▸ **Records provided**:
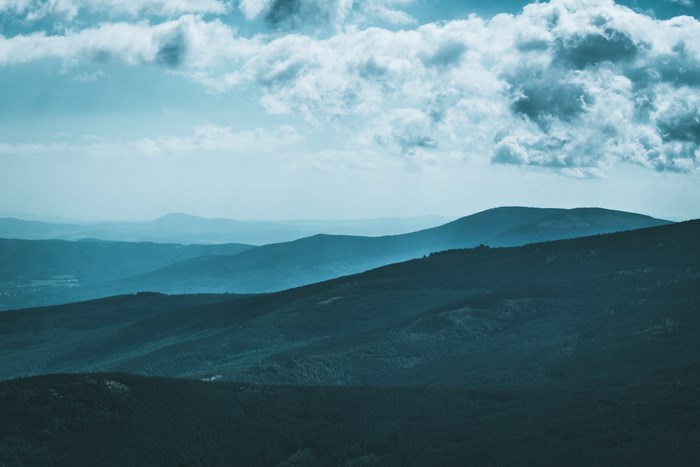 Mountain range with moody sky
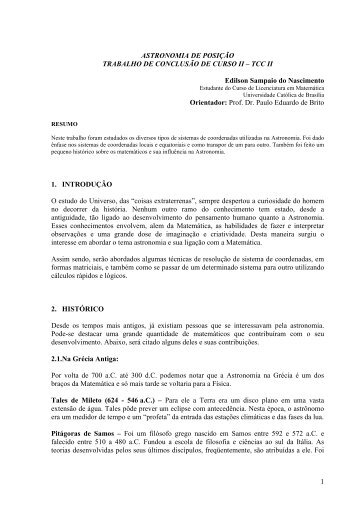 Astronomia de posição - Universidade Católica de Brasília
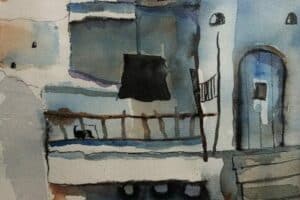 Samir Salameh, Ma’lula, 1969, watercolour on paper, 28 x 18 cm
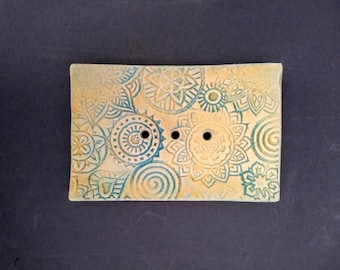 Ceramic soap dish "Mandala" yellow-turquoise, soap dish for bathroom and kitchen, ceramic tile with stamp relief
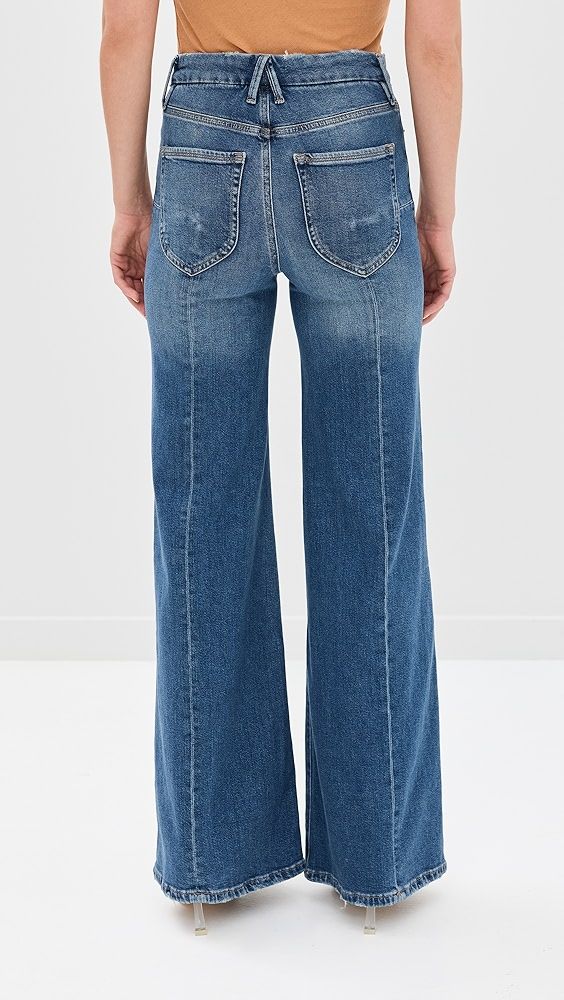 Good American Good Waist Palazzo Seamed Jeans | Shopbop Spring Denim Blue Flare Jeans With Seam Detailing, Dark Wash Flare Jeans With Seam Detailing For Spring, Trendy Dark Wash Jeans With Zip Fly, High Rise Flare Jeans With Seam Detailing For Work, Medium Wash Denim Pants With Zip Fly, Casual High Rise Flare Jeans With Zip Fly, Casual High Rise Flare Jeans With Button Zip Fly, Wide Leg Flare Jeans With Seam Detailing For Fall, Trendy High Rise Jeans With Zip Fly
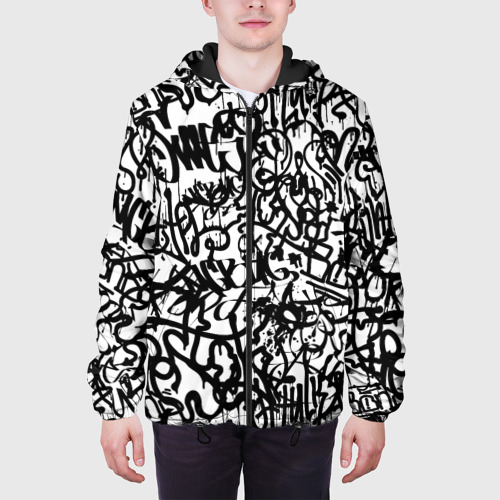 Мужская куртка 3D с принтом Graffiti black on white, вид сбоку #3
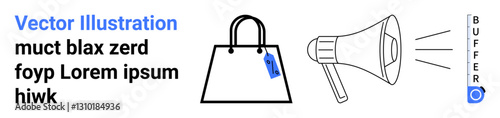 Shopping bag with price tag, loudspeaker amplifying message, and slider representing social media scheduling. Ideal for retail, marketing, advertising, e-commerce, branding social media. Flat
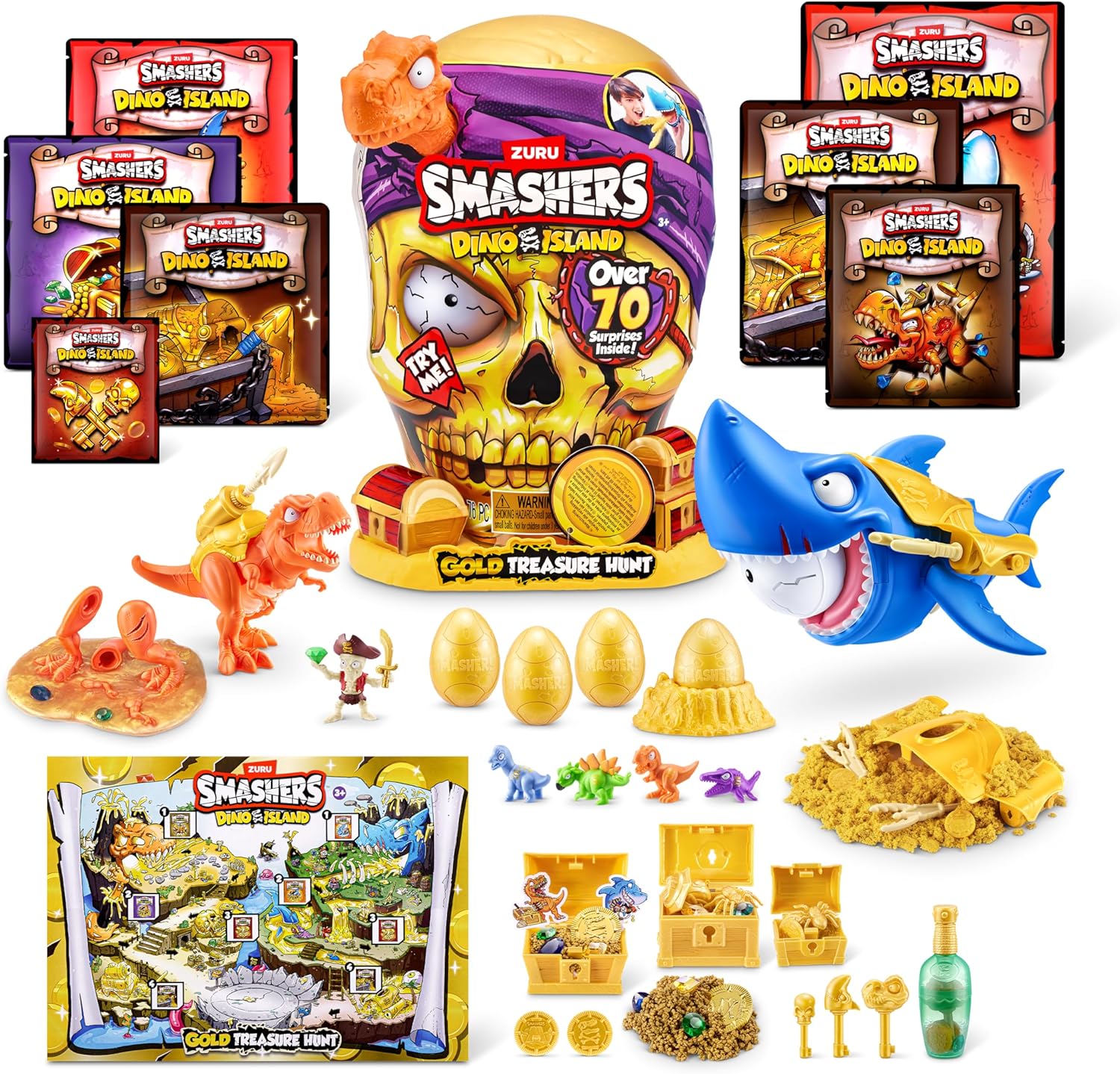 Smashers Dino Island Gold Treasure Hunt (Orange) by ZURU - Interactive Collectable Treasure Hunt Themed Toy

▸ **Problem to work on**:
Each line, from the beginning of the listing to the line bearing "Ceramic soap dish" inclusive, should be copied exactly; the pictures stay out.

▸ **Your solution**:
 Mountain range with moody sky
 Astronomia de posição - Universidade Católica de Brasília
 Samir Salameh, Ma’lula, 1969, watercolour on paper, 28 x 18 cm
 Ceramic soap dish "Mandala" yellow-turquoise, soap dish for bathroom and kitchen, ceramic tile with stamp relief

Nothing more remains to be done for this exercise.